Joint Colloquium Distinguished Lecture Series
Robust Cyber-Physical Systems: An utopia within reach
Wednesday, April 3, 2013
Robustness plays a major role in the analysis and design of engineering systems. Although robust control is a well established area within control theory and fault-tolerant computation is a well established area within computer science, it is surprising that robustness remains a distant mirage for Cyber-Physical Systems. The intricate crochet made of control, computation, and communication yarns is known to be brittle in the sense that “small” software errors or "small" sensing, communication, or actuation noise can lead to unexpected, and often unintended, consequences. In this talk I will build on classical notions of robustness from control theory and computer science to make progress towards the utopia of robust Cyber-Physical Systems.
Paulo Tabuada was born in Lisbon, Portugal, one year after the Carnation Revolution. He received his "Licenciatura" degree in Aerospace Engineering from Instituto Superior Tecnico, Lisbon, Portugal in 1998 and his Ph.D. degree in Electrical and Computer Engineering in 2002 from the Institute for Systems and Robotics, a private research institute associated with Instituto Superior Tecnico. Between January 2002 and July 2003 he was a postdoctoral researcher at the University of Pennsylvania. After spending three years at the University of Notre Dame, as an Assistant Professor, he joined the Electrical Engineering Department at the University of California, Los Angeles, where he established and directs the Cyber-Physical Systems Laboratory.

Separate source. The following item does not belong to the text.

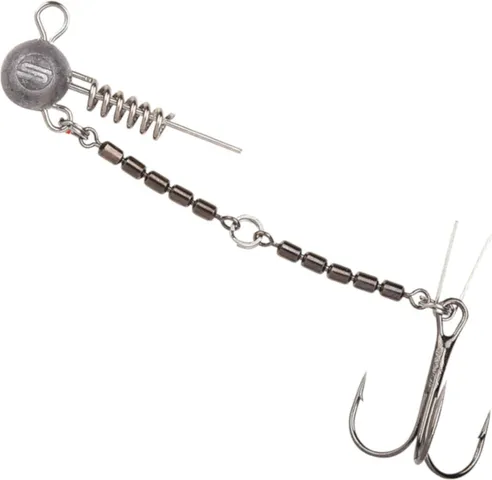 Spro Scew in Swivel 360 Rig 5g 5.5cm #2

Paulo Tabuada's contributions to cyber-physical systems have been recognized by multiple awards including the NSF CAREER award in 2005, the Donald P. Eckman award in 2009 and the George S. Axelby award in 2011. In 2009 he co-chaired the International Conference Hybrid Systems: Computation and Control (HSCC'09) and in 2012 he was program co-chair for the 3rd IFAC Workshop on Distributed Estimation and Control in Networked Systems (NecSys'12). His latest book, on verification and control of hybrid systems, was published by Springer in 2009.